Denote \(H_1(x)=\int _0^x h_1(u) d u\) and \(H_2(y)=\int _0^y h_2(u) d u\), where \(h_1(.)\) is the failure rate associated with the cumulative distribution function (cdf) \(F_1(.)\) (i.e., \(\omega _1\) in the copula \(\widetilde{C}_1(\omega _1,\omega _2; \varvec{\theta })\) and \(h_2(.)\) is the failure rate associated with \(F_2(.)\). That is, \(H_1(x)\) and \(H_2(y)\) are the cumulative hazard functions associated with \(F_1(.)\) and \(F_2(.)\), respectively. Then \(-\log (1-\omega _1^{\theta _1})=H_1(x)\) and \(-\log (1-\omega _2^{\theta _2})=H_2(y)\).
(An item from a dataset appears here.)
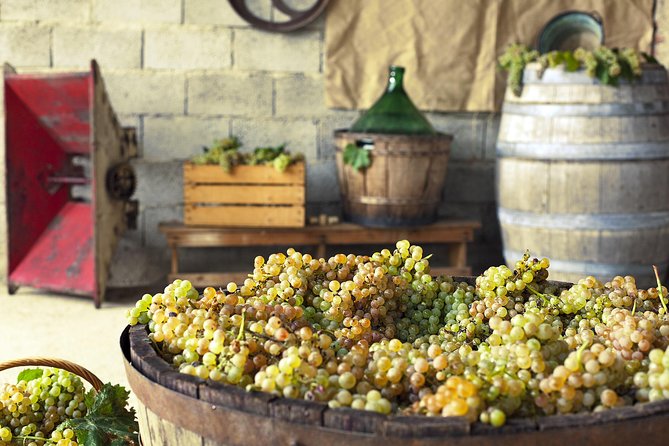 Private Grape stomping in Chianti from Florence - Price and Value: Is $473.22 Worth It?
We have

$$\begin{aligned} \widetilde{C}(\omega _1,\omega _2; \varvec{\theta })=&\omega _1+\omega _2-1+(1-\omega _1)(1-\omega _2) \exp [-\phi (-\log (1-\omega _1))^{\theta _1}(-\log (1-\omega _2))^{\theta _2}]\nonumber \\ =&F_1(x) + F_2(y) - 1 + F_1(x) F_2(y) \exp [-\phi (H_1(x))^{\theta _1} (H_2(y))^{\theta _2}], \end{aligned}$$
(37)

where \(\theta _1, \theta _2 \in (0,1]\).

Another idea to extend the Gumbel-Barnett copula to be an asymmetric form is to define a copula as following

$$\begin{aligned}&\widetilde{C}_1(\omega _1,\omega _2; \varvec{\theta })=\omega _1+\omega _2-1+(1-\omega _1)(1-\omega _2)\exp [-\phi \log (1-\omega _1^{\theta _1})\log (1-\omega _2^{\theta _2})]. \end{aligned}$$
(38)

where \(\theta _1 \ne \theta _2\). Nevertheless, the challenge in the copula \(\widetilde{C}_1(\omega _1,\omega _2; \varvec{\theta })\) shown in Eq. (38) is that \(\log (1-\omega _i^{\theta _i})\) with \(i=1,2\) may become very complex even for a simple probability distribution like the Weibull distribution.

It is noted that the copula is selected based on some methods such as the maximum likelihood and a performance criterion (or several criteria) such as the Akaike Information Criterion. As such, the construction method of asymmetric copulas proposed in this paper can be used for the scenarios where the performance of the asymmetric Gumbel-Barnett copula is similar to the other best performed copulas.

It is noted that the approach to constructing the asymmetric Gumbel-Barnett copula may not be used for other copulas for forming closed-forms of cumulative failure rates, which is a limitation of this paper.

5 Conclusion

This paper constructed an asymmetric copula from the Gumbel-Barnett copula. With the proposed copula, the expression of the bivariate failure rate becomes elegant, which facilitates its applications in the real world. That is, the main contribution of this paper is its proposal of a method to construct an asymmetric copula for the ease in use of the bivariate failure rate.